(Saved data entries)
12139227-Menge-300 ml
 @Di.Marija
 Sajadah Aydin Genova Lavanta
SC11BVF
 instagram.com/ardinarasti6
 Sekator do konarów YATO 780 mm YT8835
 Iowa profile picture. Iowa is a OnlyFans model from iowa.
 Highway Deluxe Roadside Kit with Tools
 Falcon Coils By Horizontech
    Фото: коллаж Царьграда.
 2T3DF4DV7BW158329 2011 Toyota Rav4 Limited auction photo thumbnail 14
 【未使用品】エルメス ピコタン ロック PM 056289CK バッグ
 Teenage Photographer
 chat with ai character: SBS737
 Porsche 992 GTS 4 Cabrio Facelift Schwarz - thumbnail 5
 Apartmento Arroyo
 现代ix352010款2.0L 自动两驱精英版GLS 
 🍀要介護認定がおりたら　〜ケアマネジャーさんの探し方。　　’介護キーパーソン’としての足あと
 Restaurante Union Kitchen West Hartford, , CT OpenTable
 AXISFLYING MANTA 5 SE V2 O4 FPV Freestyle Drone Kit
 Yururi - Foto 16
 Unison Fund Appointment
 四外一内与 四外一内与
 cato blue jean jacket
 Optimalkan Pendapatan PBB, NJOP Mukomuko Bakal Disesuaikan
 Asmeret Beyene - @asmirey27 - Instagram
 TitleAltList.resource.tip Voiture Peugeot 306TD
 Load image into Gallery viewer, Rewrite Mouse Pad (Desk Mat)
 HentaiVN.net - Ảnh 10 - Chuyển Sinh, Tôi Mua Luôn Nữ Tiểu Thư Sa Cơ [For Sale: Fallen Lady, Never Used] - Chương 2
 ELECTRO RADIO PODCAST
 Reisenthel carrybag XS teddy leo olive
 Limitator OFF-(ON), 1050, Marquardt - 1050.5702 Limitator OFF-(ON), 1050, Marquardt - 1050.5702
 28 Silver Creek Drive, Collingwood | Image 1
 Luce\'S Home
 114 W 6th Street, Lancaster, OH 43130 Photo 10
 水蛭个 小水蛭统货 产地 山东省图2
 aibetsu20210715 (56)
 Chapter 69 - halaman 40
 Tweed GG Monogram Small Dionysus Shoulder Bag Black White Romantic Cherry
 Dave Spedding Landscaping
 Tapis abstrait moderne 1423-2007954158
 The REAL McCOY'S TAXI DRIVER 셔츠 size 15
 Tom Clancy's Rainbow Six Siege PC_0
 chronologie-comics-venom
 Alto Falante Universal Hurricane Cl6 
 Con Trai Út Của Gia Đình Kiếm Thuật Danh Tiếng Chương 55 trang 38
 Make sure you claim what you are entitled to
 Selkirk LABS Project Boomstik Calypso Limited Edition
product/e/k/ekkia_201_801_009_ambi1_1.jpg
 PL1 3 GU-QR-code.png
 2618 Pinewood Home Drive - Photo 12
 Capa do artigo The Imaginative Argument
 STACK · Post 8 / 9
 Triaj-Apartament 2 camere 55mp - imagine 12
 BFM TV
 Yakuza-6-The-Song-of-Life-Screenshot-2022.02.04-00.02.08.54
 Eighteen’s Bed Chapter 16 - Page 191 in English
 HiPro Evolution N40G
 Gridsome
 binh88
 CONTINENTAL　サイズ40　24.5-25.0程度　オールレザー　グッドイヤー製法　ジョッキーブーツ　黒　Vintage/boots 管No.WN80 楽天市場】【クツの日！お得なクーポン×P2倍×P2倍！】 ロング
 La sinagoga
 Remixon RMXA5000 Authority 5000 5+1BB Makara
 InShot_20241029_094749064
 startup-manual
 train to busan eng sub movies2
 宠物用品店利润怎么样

* **WHAT THIS TASK INVOLVES**
For this data, state how many lines include the word "Chương", with nothing added.

* **SOLUTION FOR THIS TASK**
2